In addition to the AoA dependency, droplet size dependency was also tested in order to ensure that the shape of the size distribution was not affected. Since it was predicted that increased AoA would amplify size dependency, the simulations were run for AoAs of 0 and −10∘. The latter limit was chosen since, for negative AoAs, the inertia of larger droplets was predicted to force them away from the sample volume, which was closer to the upper edge of UCASS. The sizes used for the simulation were 3, 10, 20, and 40 µm, which were chosen since this range spanned the full size range of the UCASS in low-gain mode and was distributed approximately logarithmically. The results of this simulation are shown in Fig. 6, where the top panel shows the results for 0∘, and the bottom shows the results for −10∘. The graph legend is consistent with Fig. 5. The results of this simulation show that, for an AoA of 0∘, the size dependency is minimal – this can be seen in the top panel of Fig. 6. During these simulations – for an AoA of 0∘ – the particle velocity did not deviate much from 20 m s−1, meaning the ToF and pitot tube-derived concentrations were found to be similar, with a slight deviation for a size of 40 µm due to the slower acceleration within the UCASS inlet.
The size dependency results for an AoA of −10∘ are shown in the bottom panel of Fig. 6. This experiment revealed a larger concentration discrepancy for 40 µm droplets, which resulted from their larger inertia deflecting them away from the sample area. This discrepancy was beyond the ±25 % limit, which was considered acceptable. Beyond a re-design of the UCASS aerodynamics, however, there was little methodology that could rectify this. A large uncertainty of ±45 % – the percentage difference between the measured and input concentration of 40 µm droplets – is, therefore, placed on measurements of droplets above 30 µm, which is where the ToF-derived concentration strays beyond limits using linear interpolation.
The CFD-LPT simulations showed that ToF was, theoretically, the superior method for determining airspeed, since the concentration derived using this method was always closer to the input. However, in practice, this was not always the reality. This was because of the dependence of the ToF determined airspeed on a fixed beam width, which would change if the UCASS were to be subjected to large mechanical forces that could misalign the optics. In addition – as previously mentioned in Sect. 2.1 – ToF measured by the UCASS was dependent on the measured droplet size, so a calibration for each bin had to be applied. Also, if enough droplet measurements were not performed in a time-step integrated histogram, a statistically significant ToF measurement of that histogram cannot be performed.
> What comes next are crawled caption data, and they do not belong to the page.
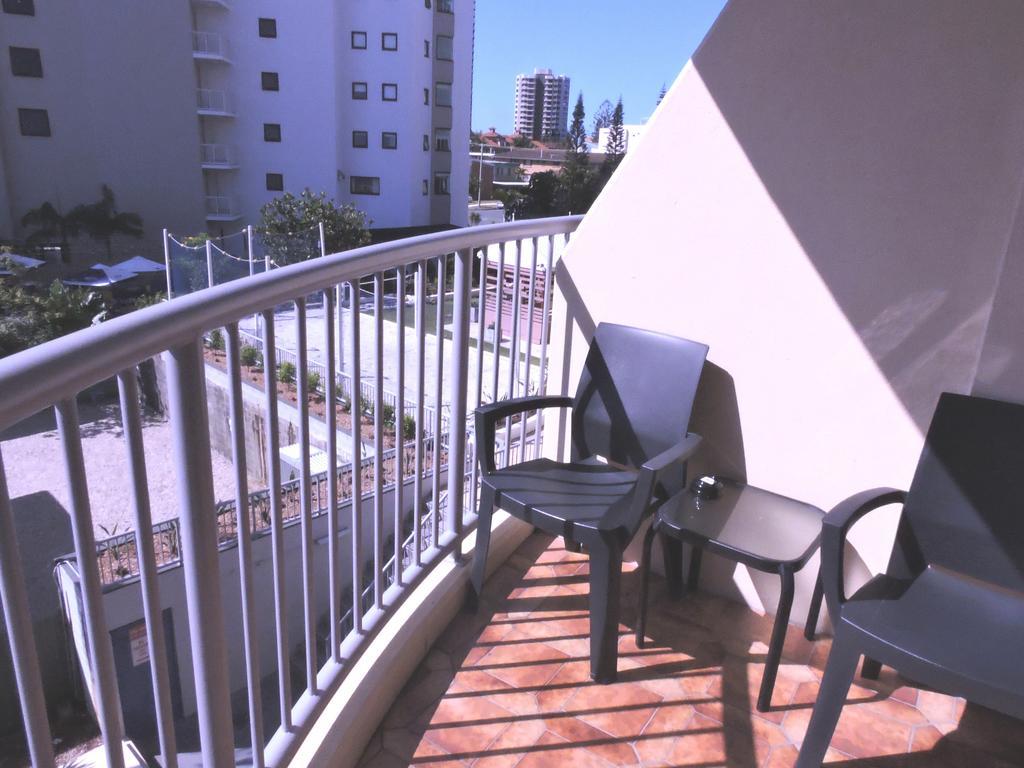 Broadbeach Travel Inn Apartments Gold Coast Luaran gambar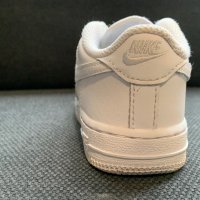Nike Air Force real leather 26,27, снимка 15 - Детски маратонки - 39101900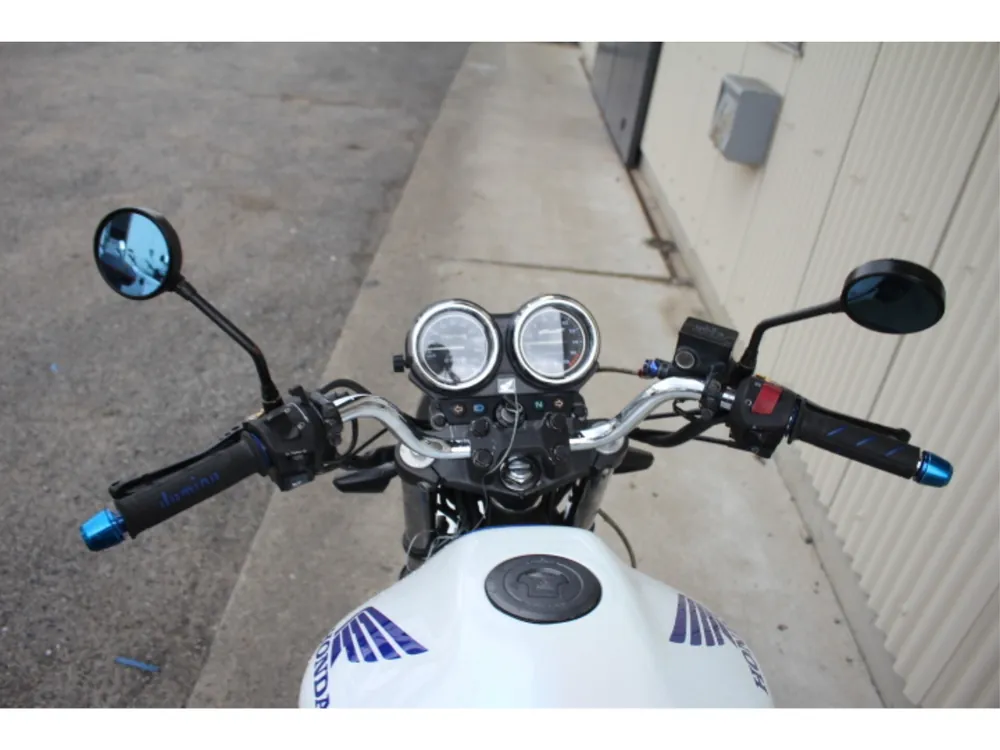 Honda Hornet 250, p white, фото 3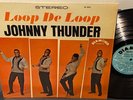 JOHNNY THUNDER Loop De Loop 1963 DIAMOND Soul / R&B Stereo LP SHRINK EX+/VG+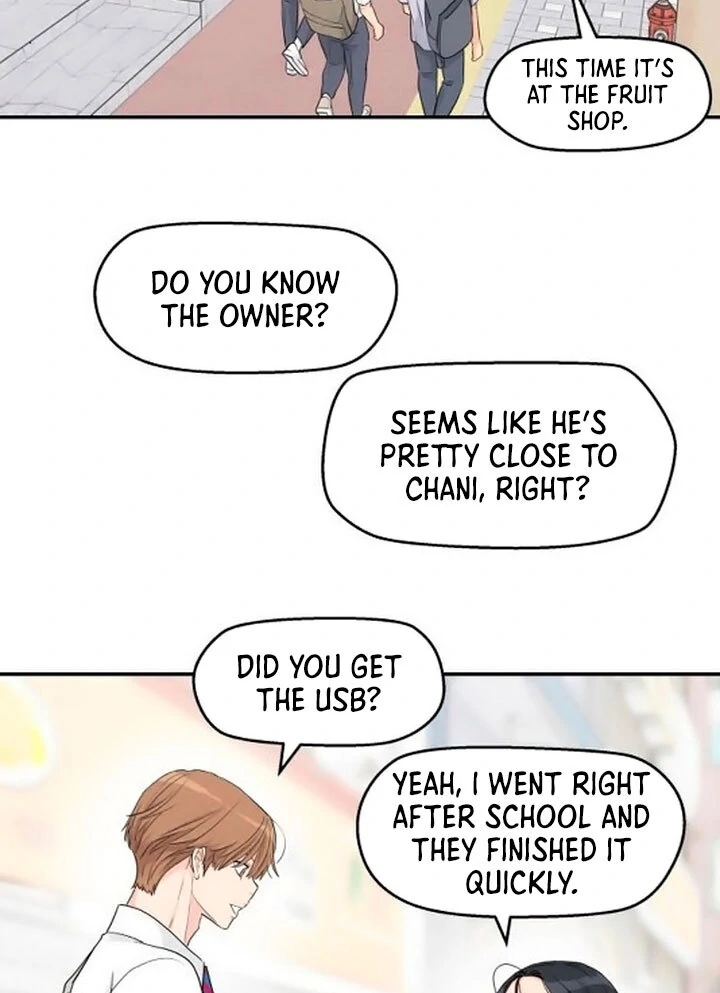 Sam Plays the Game Chapter 42 - Page 81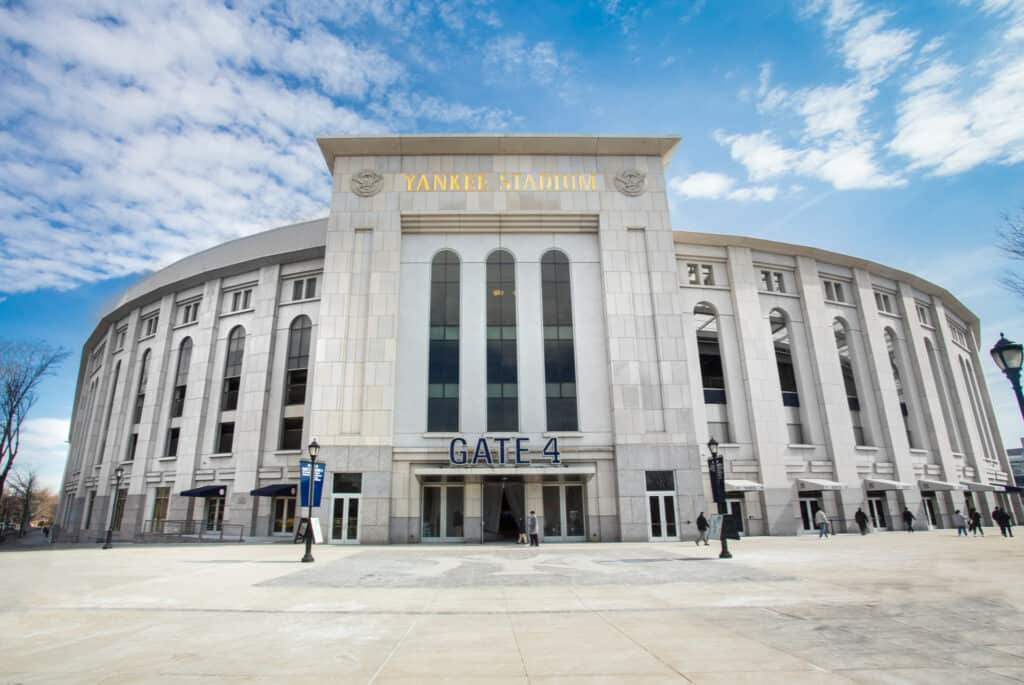 yankee stadium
Pitot tube airspeed was, therefore, used when there were too few particles to perform a ToF measurement.
4.1 Field campaign method
The validation flights were undertaken during the Pallas Cloud Experiment (PaCE) in September 2020, at the Pallas atmosphere-ecosystem super site. The site, as shown in Fig. 7a, is located 170 km north of the Arctic Circle (67.973∘ N, 24.116∘ E), partly in the area of Pallas-Yllästunturi National Park (Lohila et al., 2015). Measurements were taken from 24 to 30 September; however stratus cloud was only present from the 28th to the 30th September. A fault in the data-logger used to gather flight data was persistent on the 30th, therefore only flights conducted on the 28th and 29th will be considered in this analysis. On each day, four profiles were conducted. Each profile consisted of an ascent and a descent through the entire cloud, which was approximately 1 km thick throughout the experiments. On 28 September, the mean wind speed throughout the day of flights was approximately 7 m s−1, the wind direction 200∘ from north, and the temperature 5 ∘C. On 29 September, the mean wind speed throughout the day of flights was approximately 5 m s−1, the wind direction 180∘ from north, and the temperature 8 ∘C. The wind direction is illustrated in Fig. 7d.
The layered stratus cloud common to Pallas-Yllästunturi, combined with the airspace D527-Pallas reserved by FMI made this location perfect for the validation of UAV-based optical particle instruments. Since stratus cloud is normally laterally homogeneous within the distance scales discussed in this paper (the 2 km×3 km measurement area shown in Fig. 7a, Tsay and Jayaweera, 1984; Lawson et al., 2001), co-location errors between the UAV and station could be assumed to be minimal. The measured particles within the stratus cloud were all assumed to be water droplets, therefore the calibration look-up table for UCASS was made using a refractive index of 1.31+0i – the refractive index of water. Cloud droplets were considered the ideal validation particle since the UCASS calibration relies on Mie scattering, and the droplets can be assumed to be spherical. Water droplets also exhibit low absorption of 650 nm light – the wavelength of the UCASS laser. This is beneficial since absorption can cause artefacts in particle size measurements that utilise scattering like UCASS.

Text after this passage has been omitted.